ABOUT THIS TASK ->
Exact copies of the lines from the start of the records through the line with "This video continues" are what the answer must hold; pictures are not part of it.

(Collected data entries)
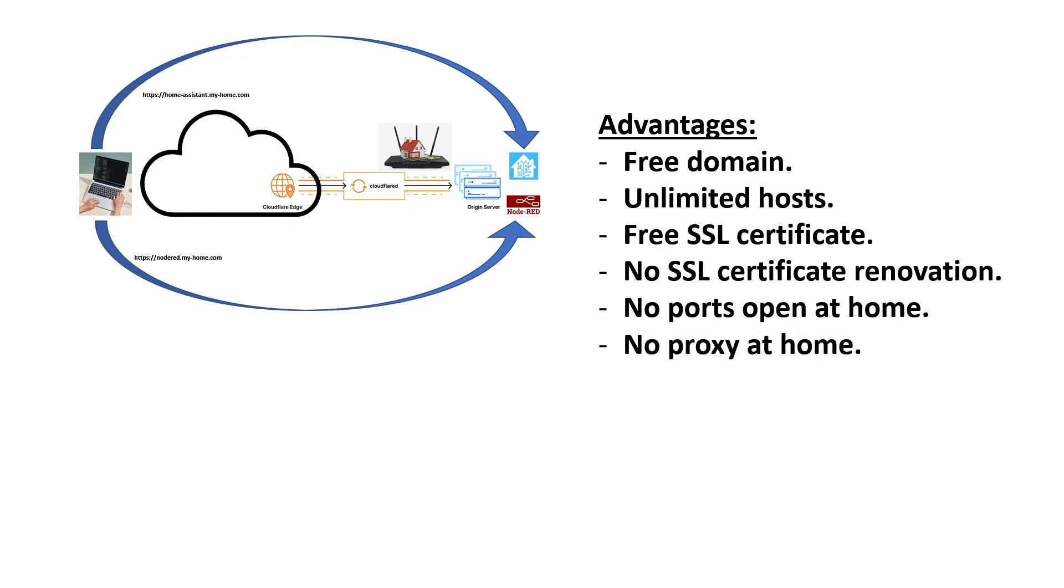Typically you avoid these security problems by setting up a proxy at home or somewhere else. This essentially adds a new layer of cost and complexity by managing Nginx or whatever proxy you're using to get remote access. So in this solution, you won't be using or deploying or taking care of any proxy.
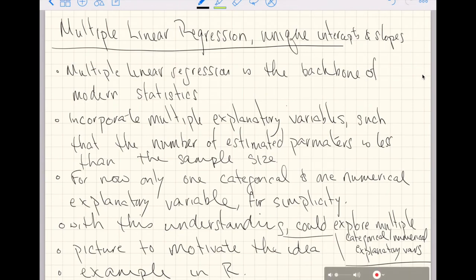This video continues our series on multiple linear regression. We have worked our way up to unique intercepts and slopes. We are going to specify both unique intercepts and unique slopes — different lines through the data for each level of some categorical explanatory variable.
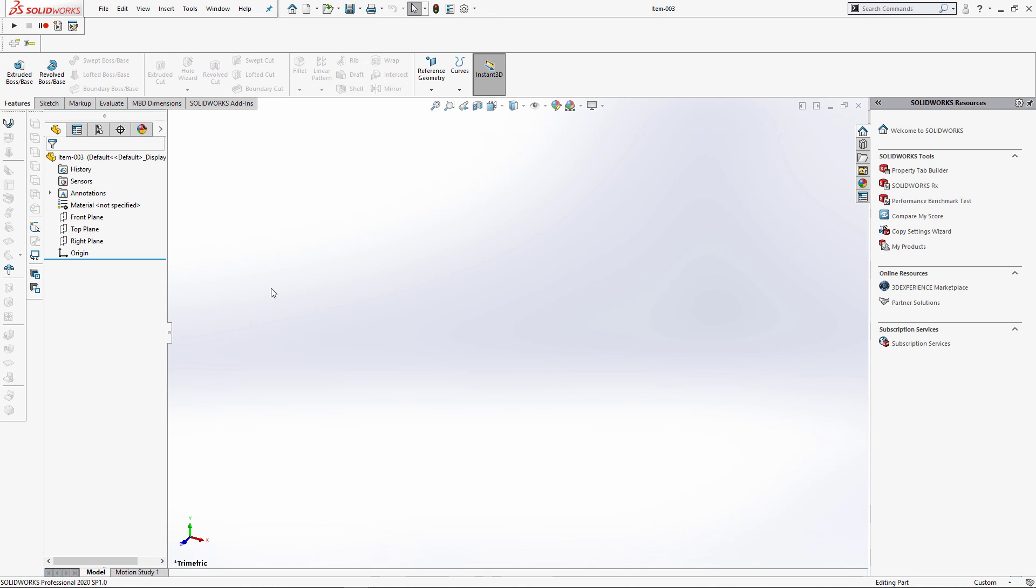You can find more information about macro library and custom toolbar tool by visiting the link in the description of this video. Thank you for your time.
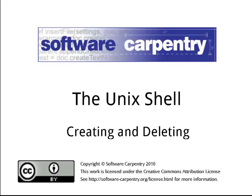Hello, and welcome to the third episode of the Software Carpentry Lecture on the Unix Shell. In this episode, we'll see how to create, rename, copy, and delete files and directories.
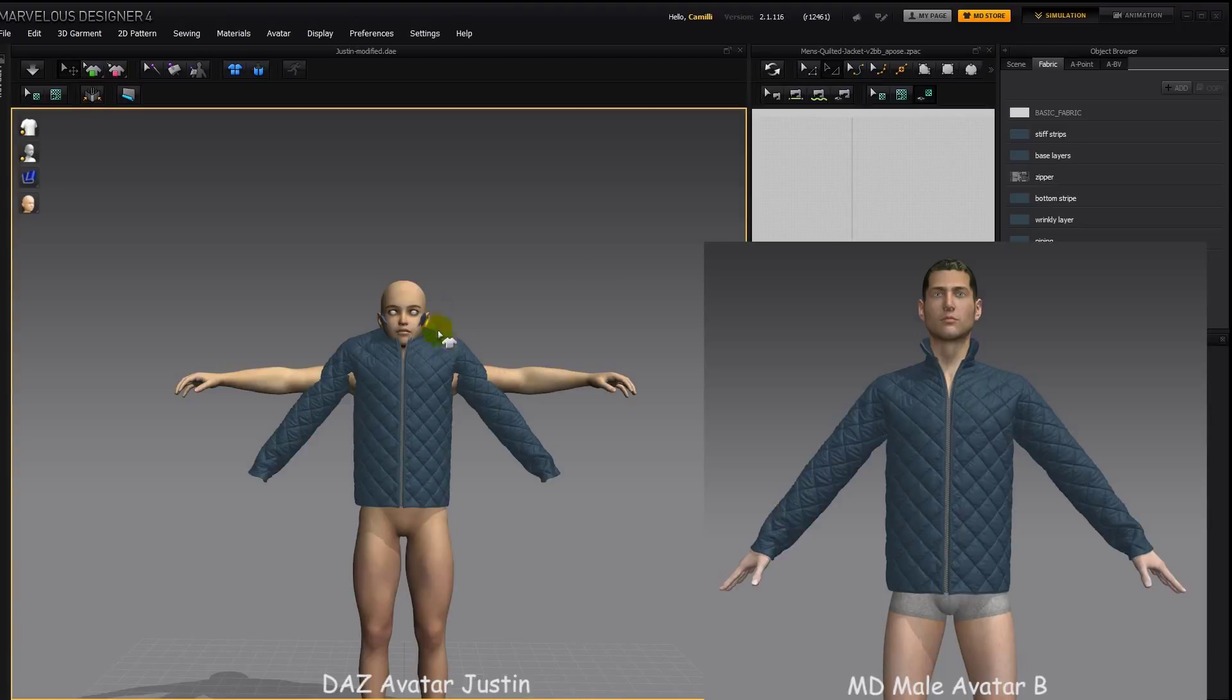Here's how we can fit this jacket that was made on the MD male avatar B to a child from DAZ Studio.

WRITTEN ANSWER ->
Typically you avoid these security problems by setting up a proxy at home or somewhere else. This essentially adds a new layer of cost and complexity by managing Nginx or whatever proxy you're using to get remote access. So in this solution, you won't be using or deploying or taking care of any proxy.
This video continues our series on multiple linear regression. We have worked our way up to unique intercepts and slopes. We are going to specify both unique intercepts and unique slopes — different lines through the data for each level of some categorical explanatory variable.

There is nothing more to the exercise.